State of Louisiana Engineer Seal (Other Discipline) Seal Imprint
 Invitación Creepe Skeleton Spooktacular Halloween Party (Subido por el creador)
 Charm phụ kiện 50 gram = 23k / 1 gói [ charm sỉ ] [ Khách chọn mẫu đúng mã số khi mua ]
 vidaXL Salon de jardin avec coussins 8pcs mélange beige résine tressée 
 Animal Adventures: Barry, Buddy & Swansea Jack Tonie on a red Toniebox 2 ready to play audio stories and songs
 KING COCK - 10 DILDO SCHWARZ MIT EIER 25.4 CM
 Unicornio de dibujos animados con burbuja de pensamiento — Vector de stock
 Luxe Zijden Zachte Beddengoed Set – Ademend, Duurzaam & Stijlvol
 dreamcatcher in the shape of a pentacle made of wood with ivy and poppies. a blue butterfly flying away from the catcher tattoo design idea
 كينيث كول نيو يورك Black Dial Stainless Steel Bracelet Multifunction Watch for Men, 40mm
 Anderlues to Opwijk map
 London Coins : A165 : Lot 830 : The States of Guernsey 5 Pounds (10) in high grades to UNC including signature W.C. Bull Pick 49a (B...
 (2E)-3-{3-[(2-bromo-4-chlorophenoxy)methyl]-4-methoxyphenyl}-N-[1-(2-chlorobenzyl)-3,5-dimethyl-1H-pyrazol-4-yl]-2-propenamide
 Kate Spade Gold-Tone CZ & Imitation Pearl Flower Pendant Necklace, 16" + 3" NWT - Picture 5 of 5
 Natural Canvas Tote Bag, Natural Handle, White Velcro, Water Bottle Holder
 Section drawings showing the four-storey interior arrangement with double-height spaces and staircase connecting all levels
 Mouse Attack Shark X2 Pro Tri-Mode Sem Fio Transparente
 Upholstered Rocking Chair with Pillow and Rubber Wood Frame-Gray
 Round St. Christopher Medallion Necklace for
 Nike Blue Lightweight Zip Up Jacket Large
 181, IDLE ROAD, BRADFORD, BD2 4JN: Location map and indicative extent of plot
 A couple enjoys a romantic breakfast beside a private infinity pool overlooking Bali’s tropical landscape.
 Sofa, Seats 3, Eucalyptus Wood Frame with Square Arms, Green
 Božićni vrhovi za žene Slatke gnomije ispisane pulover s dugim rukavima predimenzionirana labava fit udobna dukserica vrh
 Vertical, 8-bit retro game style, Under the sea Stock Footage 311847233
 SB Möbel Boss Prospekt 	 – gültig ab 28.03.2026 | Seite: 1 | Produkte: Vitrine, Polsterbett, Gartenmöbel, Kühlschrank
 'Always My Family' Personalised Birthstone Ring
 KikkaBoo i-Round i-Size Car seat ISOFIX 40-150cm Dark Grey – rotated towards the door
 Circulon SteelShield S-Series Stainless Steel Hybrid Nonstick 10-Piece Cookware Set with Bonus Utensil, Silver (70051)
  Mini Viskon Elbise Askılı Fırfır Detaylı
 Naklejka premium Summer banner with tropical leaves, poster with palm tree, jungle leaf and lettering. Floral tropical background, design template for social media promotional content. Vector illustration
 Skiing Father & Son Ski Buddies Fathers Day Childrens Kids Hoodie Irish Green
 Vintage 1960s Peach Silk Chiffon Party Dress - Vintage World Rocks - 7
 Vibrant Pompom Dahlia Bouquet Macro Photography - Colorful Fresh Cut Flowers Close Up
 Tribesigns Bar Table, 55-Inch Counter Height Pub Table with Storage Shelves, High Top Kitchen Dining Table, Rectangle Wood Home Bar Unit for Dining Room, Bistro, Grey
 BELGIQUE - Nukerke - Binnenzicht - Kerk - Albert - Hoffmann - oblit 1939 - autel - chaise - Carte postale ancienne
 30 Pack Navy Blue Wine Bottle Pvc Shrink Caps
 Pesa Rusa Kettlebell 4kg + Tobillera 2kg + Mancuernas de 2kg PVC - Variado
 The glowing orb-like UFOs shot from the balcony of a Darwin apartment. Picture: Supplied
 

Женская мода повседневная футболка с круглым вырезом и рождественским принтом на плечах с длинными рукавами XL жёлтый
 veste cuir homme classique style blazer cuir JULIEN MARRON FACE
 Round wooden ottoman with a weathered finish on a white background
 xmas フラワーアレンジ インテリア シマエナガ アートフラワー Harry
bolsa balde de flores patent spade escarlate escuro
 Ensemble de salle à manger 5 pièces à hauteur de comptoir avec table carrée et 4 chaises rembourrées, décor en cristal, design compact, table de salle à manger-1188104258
● ● ● ● ●
### Exercise directions
Restate, word for word and with nothing added, the lines from the first line of the listing through the one where "Personalised Birthstone Ring" stands.

### Answer below
State of Louisiana Engineer Seal (Other Discipline) Seal Imprint
 Invitación Creepe Skeleton Spooktacular Halloween Party (Subido por el creador)
 Charm phụ kiện 50 gram = 23k / 1 gói [ charm sỉ ] [ Khách chọn mẫu đúng mã số khi mua ]
 vidaXL Salon de jardin avec coussins 8pcs mélange beige résine tressée 
 Animal Adventures: Barry, Buddy & Swansea Jack Tonie on a red Toniebox 2 ready to play audio stories and songs
 KING COCK - 10 DILDO SCHWARZ MIT EIER 25.4 CM
 Unicornio de dibujos animados con burbuja de pensamiento — Vector de stock
 Luxe Zijden Zachte Beddengoed Set – Ademend, Duurzaam & Stijlvol
 dreamcatcher in the shape of a pentacle made of wood with ivy and poppies. a blue butterfly flying away from the catcher tattoo design idea
 كينيث كول نيو يورك Black Dial Stainless Steel Bracelet Multifunction Watch for Men, 40mm
 Anderlues to Opwijk map
 London Coins : A165 : Lot 830 : The States of Guernsey 5 Pounds (10) in high grades to UNC including signature W.C. Bull Pick 49a (B...
 (2E)-3-{3-[(2-bromo-4-chlorophenoxy)methyl]-4-methoxyphenyl}-N-[1-(2-chlorobenzyl)-3,5-dimethyl-1H-pyrazol-4-yl]-2-propenamide
 Kate Spade Gold-Tone CZ & Imitation Pearl Flower Pendant Necklace, 16" + 3" NWT - Picture 5 of 5
 Natural Canvas Tote Bag, Natural Handle, White Velcro, Water Bottle Holder
 Section drawings showing the four-storey interior arrangement with double-height spaces and staircase connecting all levels
 Mouse Attack Shark X2 Pro Tri-Mode Sem Fio Transparente
 Upholstered Rocking Chair with Pillow and Rubber Wood Frame-Gray
 Round St. Christopher Medallion Necklace for
 Nike Blue Lightweight Zip Up Jacket Large
 181, IDLE ROAD, BRADFORD, BD2 4JN: Location map and indicative extent of plot
 A couple enjoys a romantic breakfast beside a private infinity pool overlooking Bali’s tropical landscape.
 Sofa, Seats 3, Eucalyptus Wood Frame with Square Arms, Green
 Božićni vrhovi za žene Slatke gnomije ispisane pulover s dugim rukavima predimenzionirana labava fit udobna dukserica vrh
 Vertical, 8-bit retro game style, Under the sea Stock Footage 311847233
 SB Möbel Boss Prospekt 	 – gültig ab 28.03.2026 | Seite: 1 | Produkte: Vitrine, Polsterbett, Gartenmöbel, Kühlschrank
 'Always My Family' Personalised Birthstone Ring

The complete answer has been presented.